■ Your objective: Please copy only the material from the line that has "Pineta Club Hotel 4* - Фото отеля" to the very last line, both ends included, exactly as written and without pictures.
BEGIN Raw data
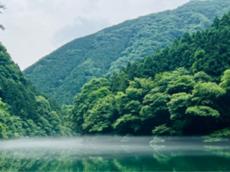 大自然の中でととのう！南関東唯一の湖が水風呂であるサウナ施設＜白丸village＞が奥多摩町にオープン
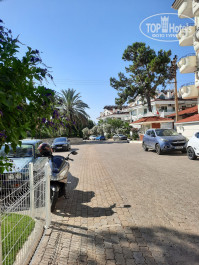 Pineta Club Hotel 4* - Фото отеля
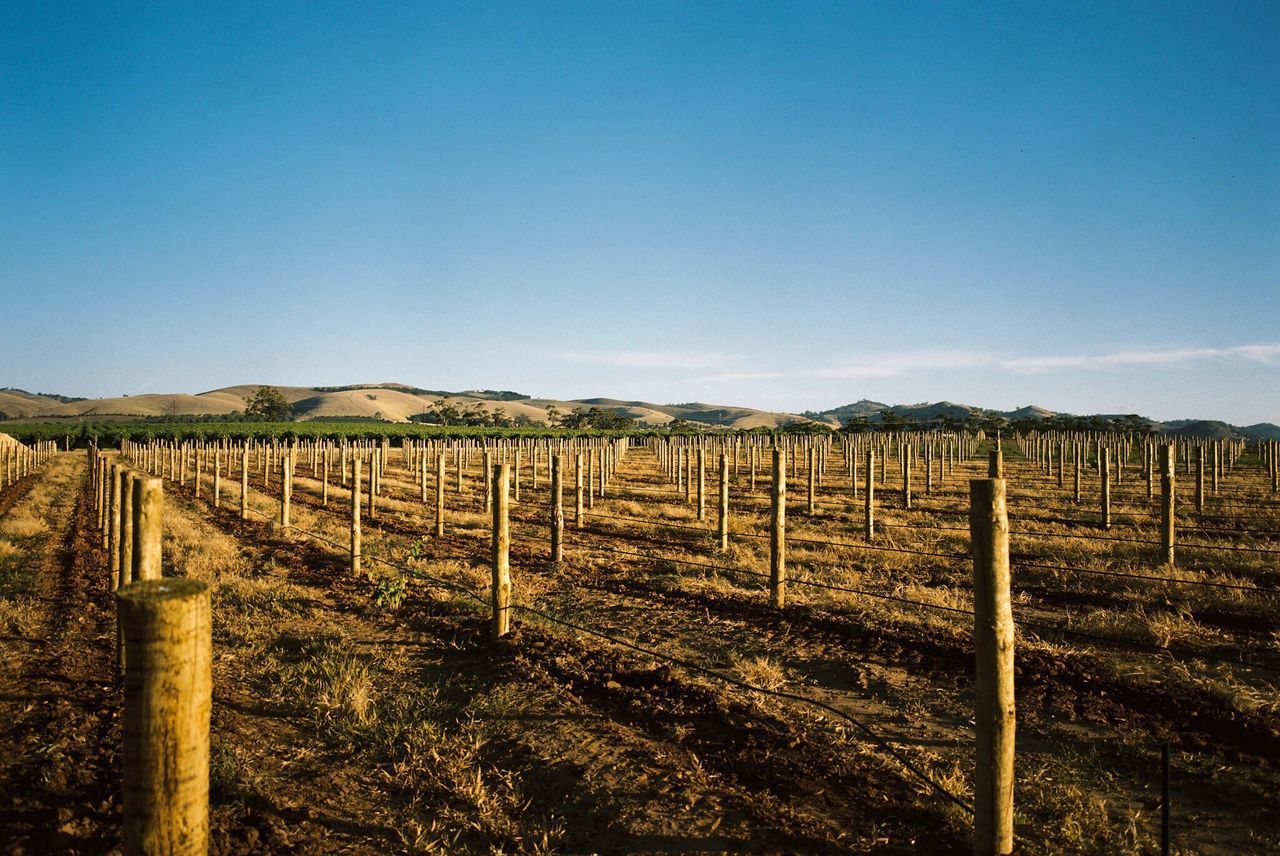 clear sky, landscape, blue, tranquility, tranquil scene, copy space, fence, field, rural scene, wood - material, sky, scenics, nature, agriculture, horizon over land, day, in a row, non-urban scene, no people, outdoors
END Raw data
■ Exercise output:
 Pineta Club Hotel 4* - Фото отеля
 clear sky, landscape, blue, tranquility, tranquil scene, copy space, fence, field, rural scene, wood - material, sky, scenics, nature, agriculture, horizon over land, day, in a row, non-urban scene, no people, outdoors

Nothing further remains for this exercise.